Input data
━━━━━━━━━━━━━━━━

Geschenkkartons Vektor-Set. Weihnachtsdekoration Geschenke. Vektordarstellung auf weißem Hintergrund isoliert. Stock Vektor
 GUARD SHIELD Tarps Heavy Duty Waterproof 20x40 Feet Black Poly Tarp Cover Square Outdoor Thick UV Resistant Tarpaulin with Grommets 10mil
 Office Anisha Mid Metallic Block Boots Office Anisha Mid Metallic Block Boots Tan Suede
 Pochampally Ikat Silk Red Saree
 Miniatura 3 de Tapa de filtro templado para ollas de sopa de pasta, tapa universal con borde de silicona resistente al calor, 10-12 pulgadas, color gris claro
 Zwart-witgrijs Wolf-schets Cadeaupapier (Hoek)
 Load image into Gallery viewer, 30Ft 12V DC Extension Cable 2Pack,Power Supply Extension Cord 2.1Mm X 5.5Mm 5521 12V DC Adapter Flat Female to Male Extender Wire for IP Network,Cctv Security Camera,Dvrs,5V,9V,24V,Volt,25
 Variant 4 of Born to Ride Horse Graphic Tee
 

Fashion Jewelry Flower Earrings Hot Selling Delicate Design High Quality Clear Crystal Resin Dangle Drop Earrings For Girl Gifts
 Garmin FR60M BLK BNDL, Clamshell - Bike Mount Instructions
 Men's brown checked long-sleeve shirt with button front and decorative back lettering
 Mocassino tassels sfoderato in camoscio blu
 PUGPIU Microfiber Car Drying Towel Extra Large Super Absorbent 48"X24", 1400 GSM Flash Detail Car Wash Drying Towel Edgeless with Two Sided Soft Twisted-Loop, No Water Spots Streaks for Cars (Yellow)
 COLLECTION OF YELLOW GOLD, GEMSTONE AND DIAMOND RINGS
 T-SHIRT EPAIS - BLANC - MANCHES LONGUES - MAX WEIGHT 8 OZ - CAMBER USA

━━━━━━━━━━━━━━━━

Problem requirements
Write out only those lines that fall between the one containing "Fashion Jewelry Flower" and the end of the entries, the first and last included, exactly as they read.

Task output
Fashion Jewelry Flower Earrings Hot Selling Delicate Design High Quality Clear Crystal Resin Dangle Drop Earrings For Girl Gifts
 Garmin FR60M BLK BNDL, Clamshell - Bike Mount Instructions
 Men's brown checked long-sleeve shirt with button front and decorative back lettering
 Mocassino tassels sfoderato in camoscio blu
 PUGPIU Microfiber Car Drying Towel Extra Large Super Absorbent 48"X24", 1400 GSM Flash Detail Car Wash Drying Towel Edgeless with Two Sided Soft Twisted-Loop, No Water Spots Streaks for Cars (Yellow)
 COLLECTION OF YELLOW GOLD, GEMSTONE AND DIAMOND RINGS
 T-SHIRT EPAIS - BLANC - MANCHES LONGUES - MAX WEIGHT 8 OZ - CAMBER USA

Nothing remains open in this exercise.